- Location: 37°12′36″S 143°52′30″E﻿ / ﻿37.21°S 143.875°E Middle Creek, 6–7 mi (9.7–11.3 km) from Glengower Station between Clunes and Newstead, Colony of Victoria
- Date: 1839 or 1840
- Target: Dja Dja Wurrung people
- Attack type: Mass murder
- Deaths: Unknown
- Victims: Unknown clan of Dja Dja Wurrung people
- Perpetrators: Captain Dugald McLachlan and employees

= Blood Hole massacre =

Massacre in Victoria, Australia

The Blood Hole massacre was a massacre of Aboriginal people in the Port Phillip District (later the colony of Victoria, now the Australian state of Victoria, at the end of 1839 or early 1840. The massacre occurred at Middle Creek, 6–7 mi from Glengower Station, between Clunes and Newstead, killing an unknown number of Djadjawurrung people.

==Background==
Captain Dugald McLachlan established Glengower Station, sometimes employing local Aboriginal people from the Dja Dja Wurrung (Jaara people).
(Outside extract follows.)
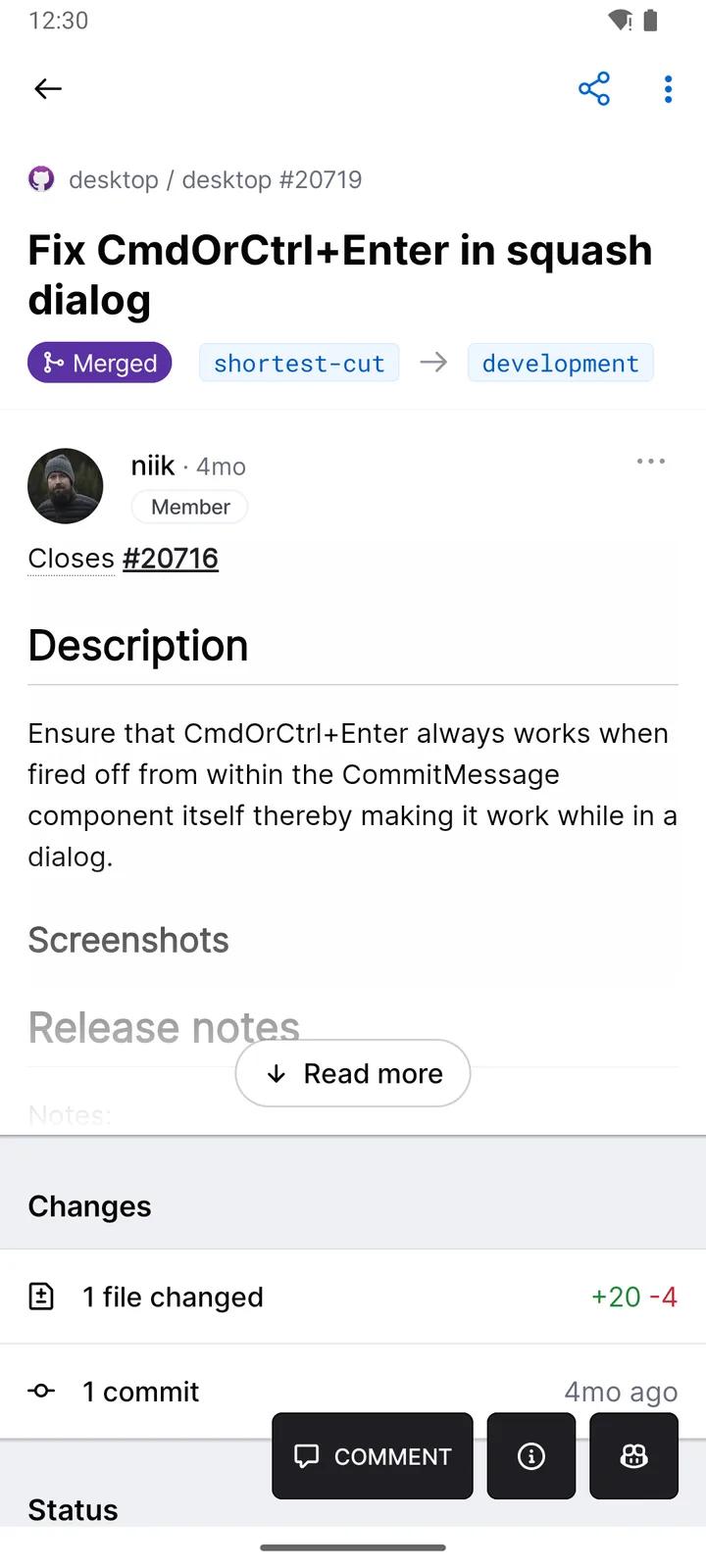GitHub screenshot 2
His employees also gave out flour and sugar rations to them on occasion.

After the cook distributed flour laced with plaster of Paris, the party speared the cook in retribution, and ate the meat hanging in the kitchen.

==The massacre==
Later, Djadjawurrung people from the Grampians district, who had been on their way home after trading goods for green stone axe blanks that they obtained near what is now Lancefield, were found at Middle Creek, a camping place on their trading route from the Grampians to the Greenstone quarry at Mount William near Lancefield.

The Aboriginal people were found at the waterhole on Middle Creek west of Glengower Station. They sought to hide by diving into the waterhole, where they were shot one at a time as they came up for air.